::: Records supplied

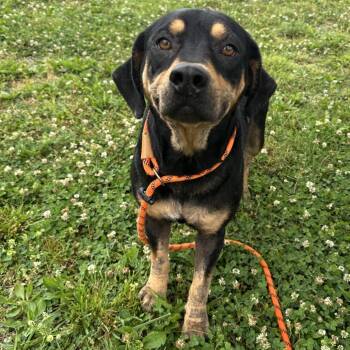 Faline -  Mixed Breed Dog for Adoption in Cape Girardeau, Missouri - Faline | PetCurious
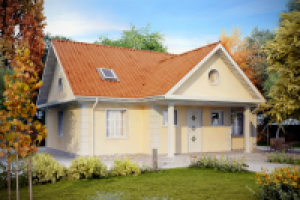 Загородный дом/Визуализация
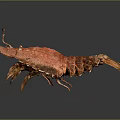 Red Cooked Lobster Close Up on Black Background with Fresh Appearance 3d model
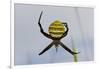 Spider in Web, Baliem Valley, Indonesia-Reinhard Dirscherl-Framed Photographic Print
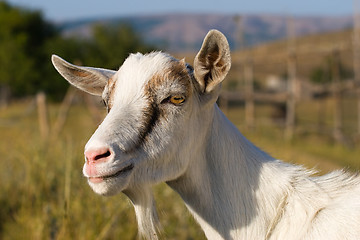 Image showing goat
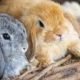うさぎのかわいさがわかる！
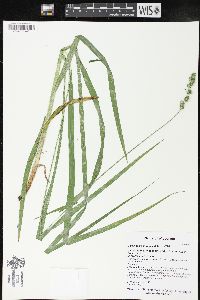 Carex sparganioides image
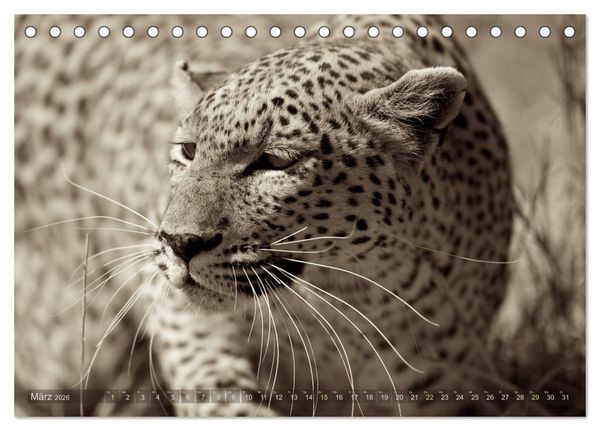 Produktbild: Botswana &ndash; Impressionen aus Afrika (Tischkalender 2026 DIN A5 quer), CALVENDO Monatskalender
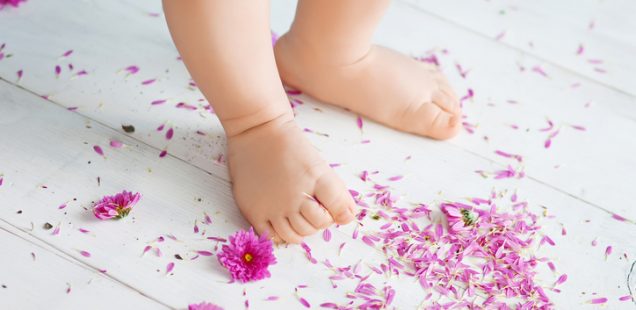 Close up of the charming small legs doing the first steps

::::::
::: Records supplied

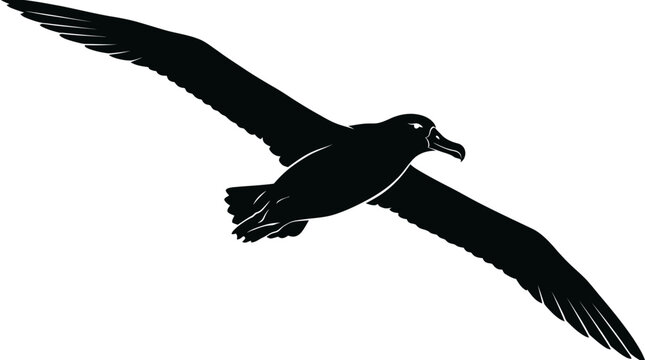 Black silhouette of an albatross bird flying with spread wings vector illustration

::::::
::: Records supplied

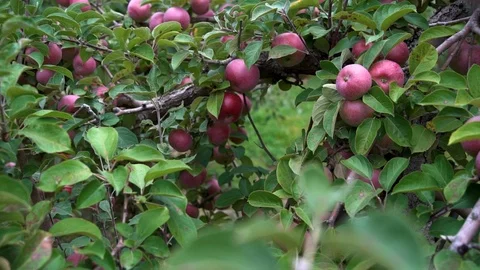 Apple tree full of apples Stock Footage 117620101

::::::

Work task => What is needed is an exact copy of only the lines above from the one with "Faline | PetCurious" to the one with "Close up of", both kept, with every picture left out.

Result of the exercise =>
 Faline -  Mixed Breed Dog for Adoption in Cape Girardeau, Missouri - Faline | PetCurious
 Загородный дом/Визуализация
 Red Cooked Lobster Close Up on Black Background with Fresh Appearance 3d model
 Spider in Web, Baliem Valley, Indonesia-Reinhard Dirscherl-Framed Photographic Print
 Image showing goat
うさぎのかわいさがわかる！
 Carex sparganioides image
 Produktbild: Botswana &ndash; Impressionen aus Afrika (Tischkalender 2026 DIN A5 quer), CALVENDO Monatskalender
 Close up of the charming small legs doing the first steps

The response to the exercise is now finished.